(Task description): Each entry must be given again exactly; images do not belong in the copy.

(Data shown):

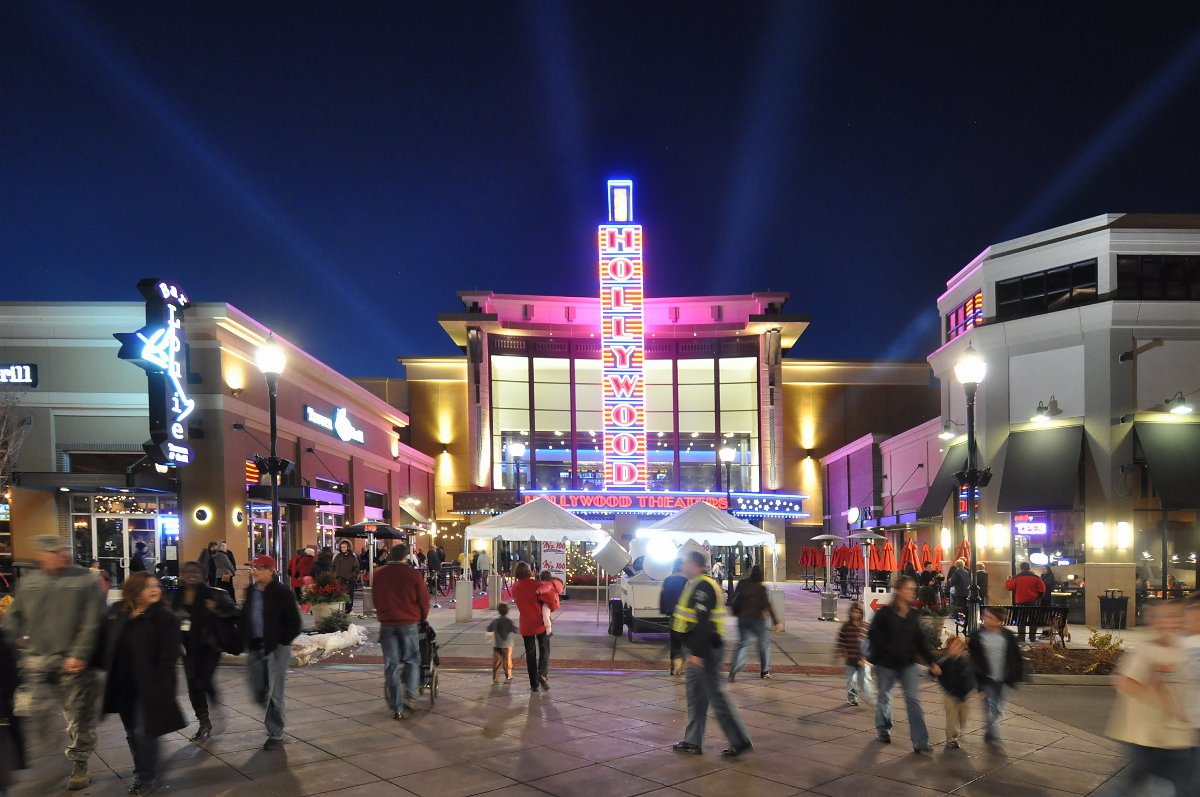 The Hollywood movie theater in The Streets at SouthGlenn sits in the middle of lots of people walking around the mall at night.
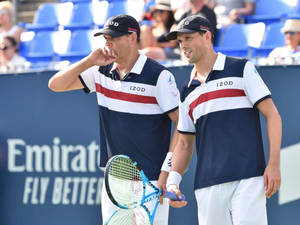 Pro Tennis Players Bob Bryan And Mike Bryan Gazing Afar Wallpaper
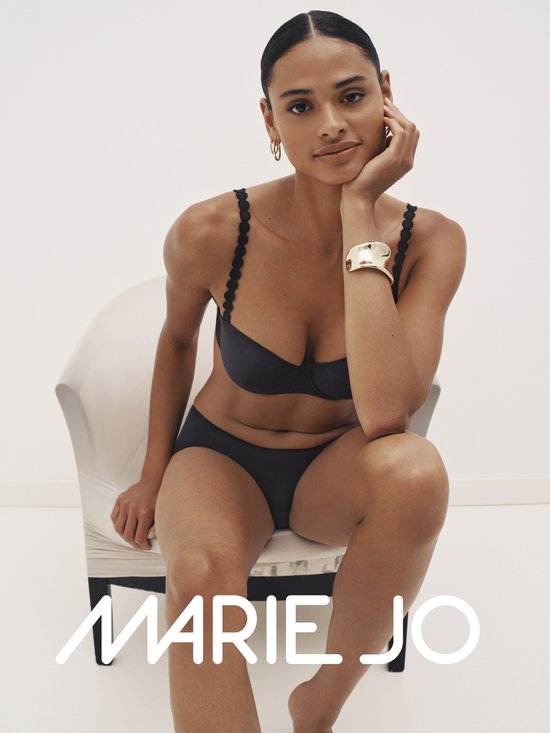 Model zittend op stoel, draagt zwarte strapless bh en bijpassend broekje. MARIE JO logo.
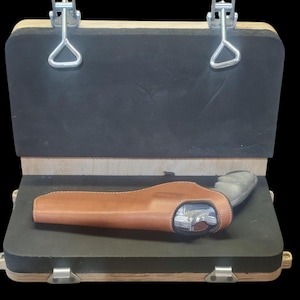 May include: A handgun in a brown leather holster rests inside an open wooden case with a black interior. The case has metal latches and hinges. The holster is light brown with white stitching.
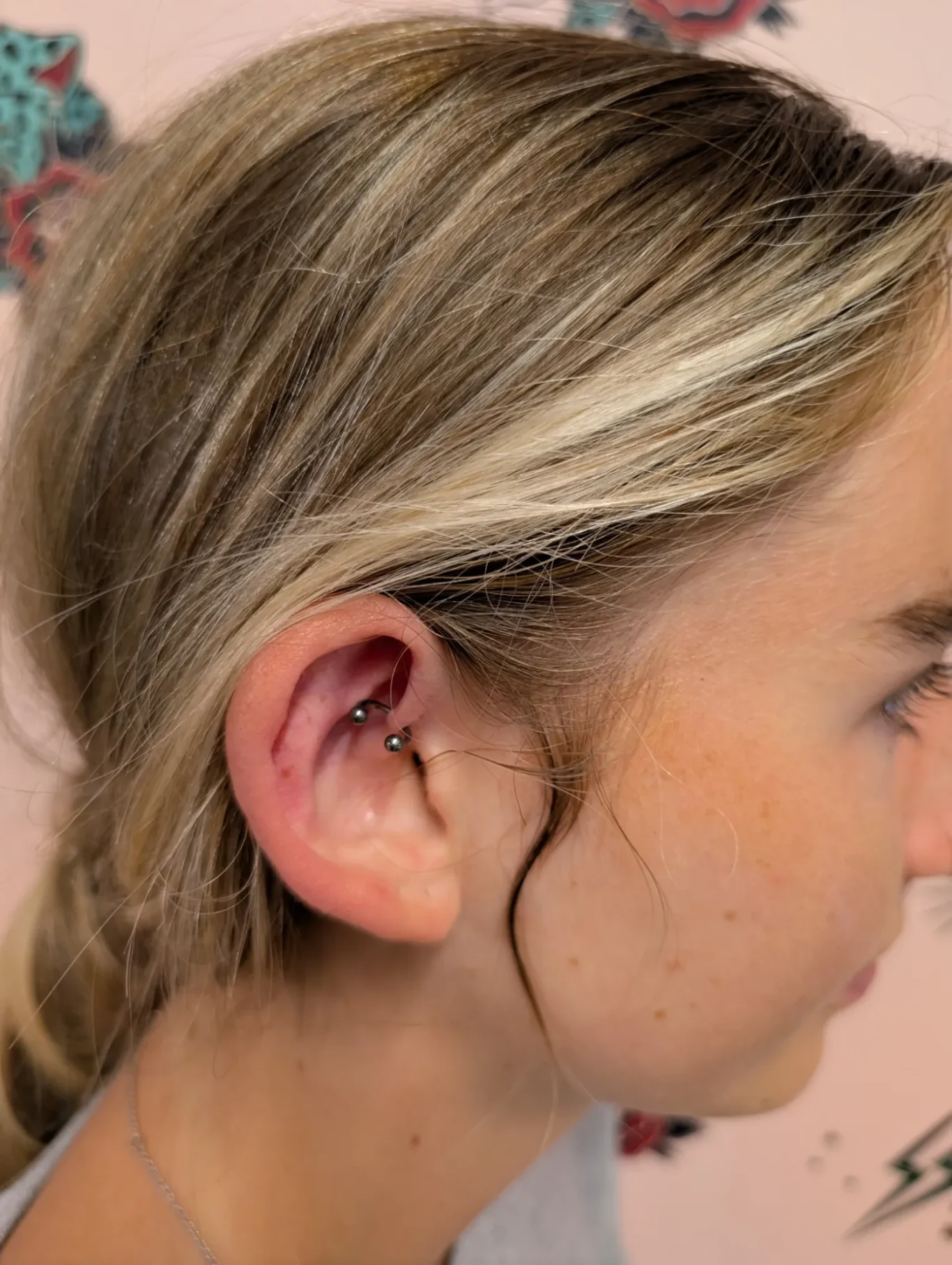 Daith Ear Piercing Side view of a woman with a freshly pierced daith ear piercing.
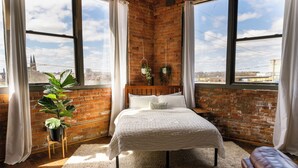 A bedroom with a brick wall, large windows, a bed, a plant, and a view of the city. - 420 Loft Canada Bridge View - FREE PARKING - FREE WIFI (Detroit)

(Solution to the exercise):
 The Hollywood movie theater in The Streets at SouthGlenn sits in the middle of lots of people walking around the mall at night.
 Pro Tennis Players Bob Bryan And Mike Bryan Gazing Afar Wallpaper
 Model zittend op stoel, draagt zwarte strapless bh en bijpassend broekje. MARIE JO logo.
 May include: A handgun in a brown leather holster rests inside an open wooden case with a black interior. The case has metal latches and hinges. The holster is light brown with white stitching.
 Daith Ear Piercing Side view of a woman with a freshly pierced daith ear piercing.
 A bedroom with a brick wall, large windows, a bed, a plant, and a view of the city. - 420 Loft Canada Bridge View - FREE PARKING - FREE WIFI (Detroit)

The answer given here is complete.